Tal como el funcionario nos comunicó la noche anterior, a las 9 de la mañana comienzo a oír el golpeteo y los chirridos de los cerrojos al abrirse. Primero el clac, clac de la gran llave girando en la cerradura. Después el clang, clang de los cerrojos al correrse y golpear el manubrio la puerta. Es la nuestra. La gruesa hoja metálica se entreabre y el estruendo de los chirridos, de las pisadas y de los gritos se cuela sin permiso por la hendidura.
Tomamos las toallas, las pastillas de jabón de envoltorio verde y olor a puticlub de carretera, el peine negro de plástico barato y deformable y salimos.
-Tío, ¿no te olvidas algo? -pregunto con sorna.
El otro se gira, y dubitativo me dice:
-No, llevo todo. ¿Qué se me ha podido olvidar?
-El papel higiénico, que otra cosa podía ser -le corto cínico. Entra de nuevo a la celda y regresa con el rollo enganchado en el sobaco.
Bajamos los dos pisos de escaleras. A medida que descendemos, la percepción de la noche anterior me vuelve a sobrecoger. No, no se debía a la noche y al cansancio, pienso. La sensación que anoche me invadió es real, solo que de día. La pintura ocre, el olor que a partir de este momento me acompañará durante años, lo lúgubre del lugar, y a todo esto le añado los gritos de los nuevos compis y un trasiego ininterrumpido de sombras entre celdas, subiendo y bajando escaleras, como si todos tuvieran cometidos urgentes que realizar.
El patio se encuentra vacío. Los que bajan, dirigen sus pasos al comedor, a buscar el desayuno. Nosotros aprovechamos para ir en busca de las duchas. Al final las encontramos, a la derecha, en una esquina del patio y cerradas. Volvemos sobre nuestros pasos. Al comedor.

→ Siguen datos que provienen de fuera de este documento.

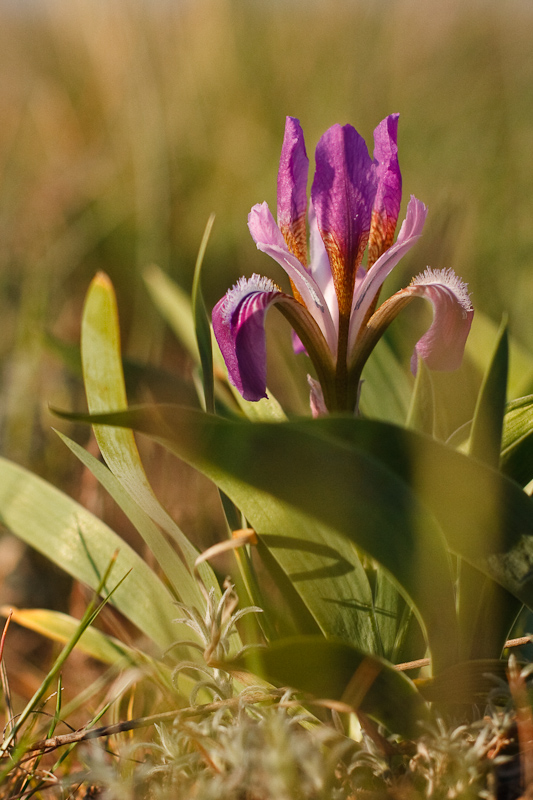 Image of Iris scariosa specimen.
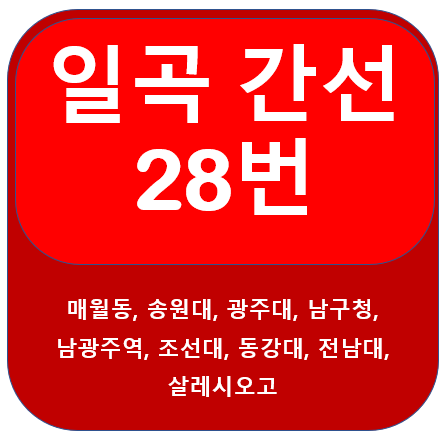  일곡 28번 버스노선 정보(송원대,광주대,조선대,전남대)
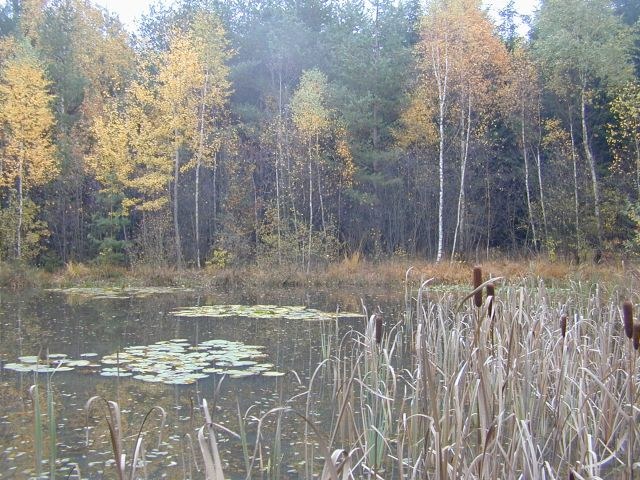 weiher_november4.jpg
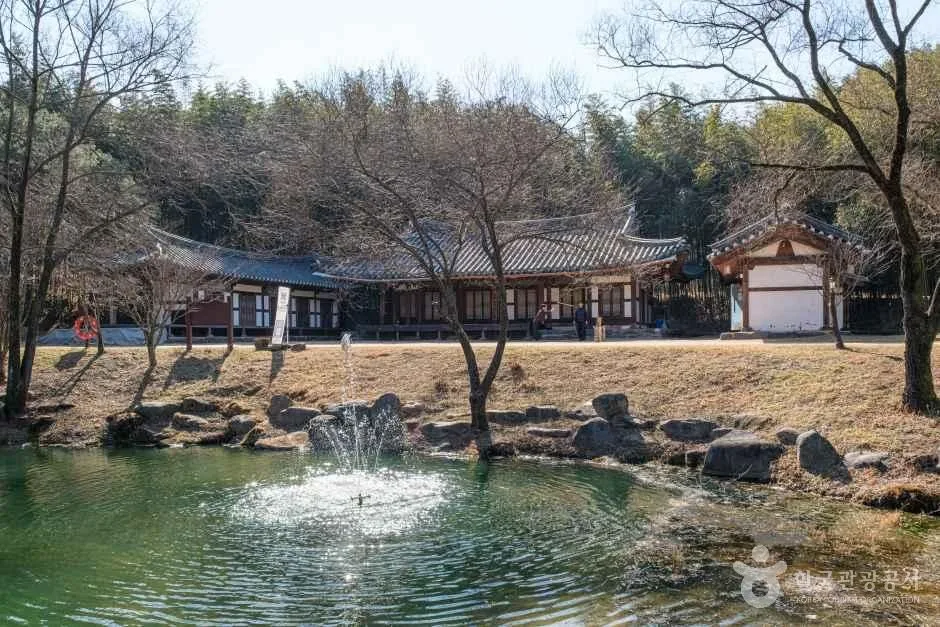 죽녹원 (7)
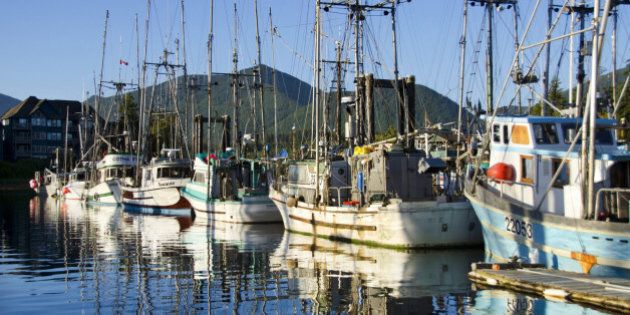 Ucluelet harbor on Vancouver Island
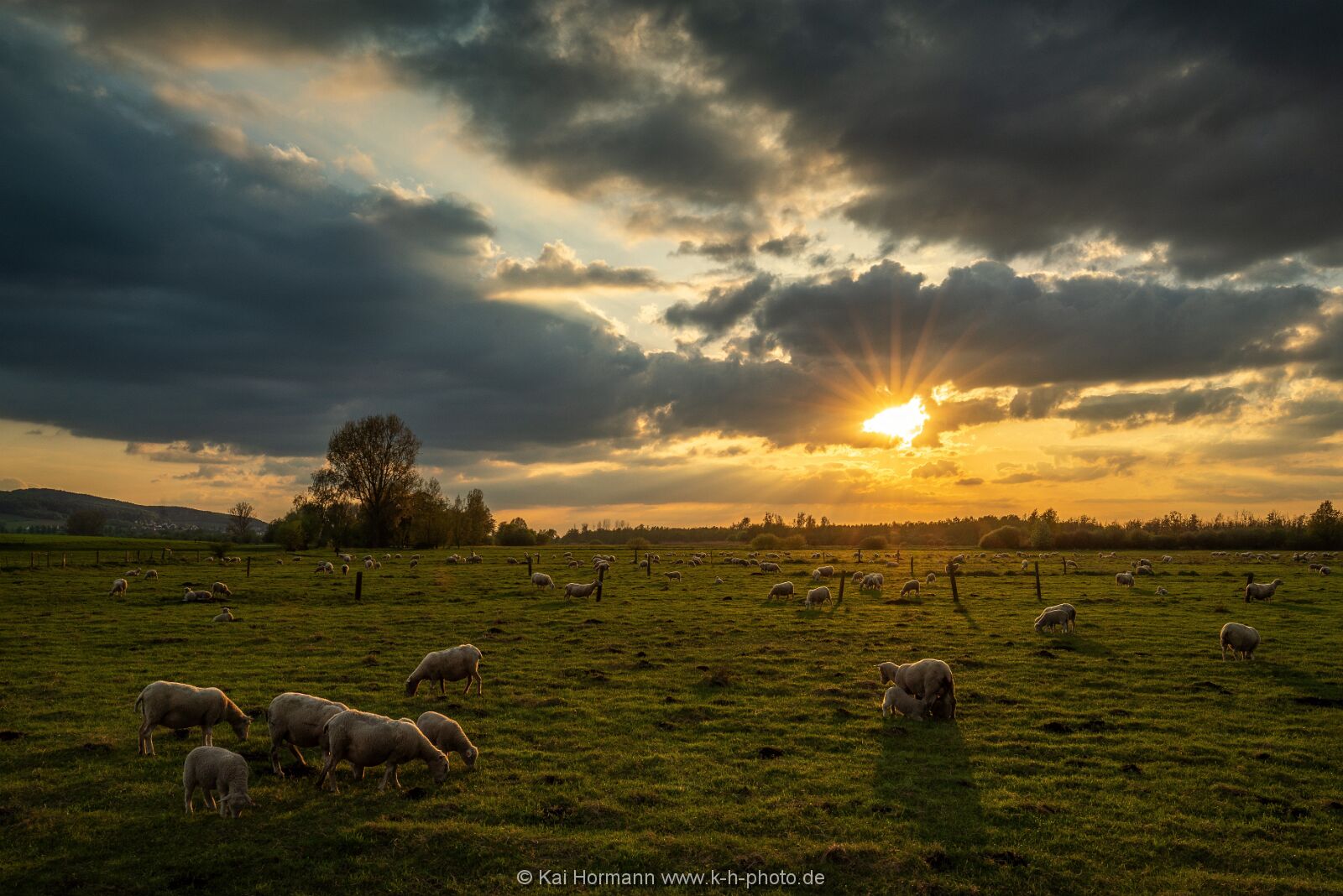 Großes Torfmoor Das Große Torfmoor.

Un carrito estacionado en mitad del recinto soporta el peso de dos grandes ollas y una bandeja metálica. Una de las ollas contiene café ya mezclado con leche, azúcar y quién sabe qué más. La otra, algo más pequeña, tiene leche. En la gran bandeja veo desperdigas barras de pan, bolsas de galletas y pequeñas porciones de margarina. Un menda sirve con un cazo el café en los vasos variopintos que todos, en fila, colocan frente a él. El otro reparte el pan, la margarina y las galletas: o pan o galletas, esa es la opción. De cuando en cuando aparece algún enchufado que pilla pan, galletas, margarina y doble ración de café. Para eso trae en lugar de vaso, el envase de una botella de litro y medio de agua, cortado por la mitad y con el reborde quemado para evitar cortes en la boca; se lo llenan y nadie decía ni mú. Nosotros tampoco.
Llega nuestro turno.
-A ver, el vaso -me suelta el del cazo de café.
Miro a mi amigo, él me mira a mí y ambos nos quedamos con cara de póquer.
-Bueno, compis, o me dais los vasos u os piráis, que hay cola.
-Pero, pero… ¿tú no das los vasos? -pregunto sin calibrar la cuestión.
Una risotada general nos envuelve.
-Tú que tás creio, listillo, ¿que esto es el Seratón? Venga, piraos y trincar vuestros vasos.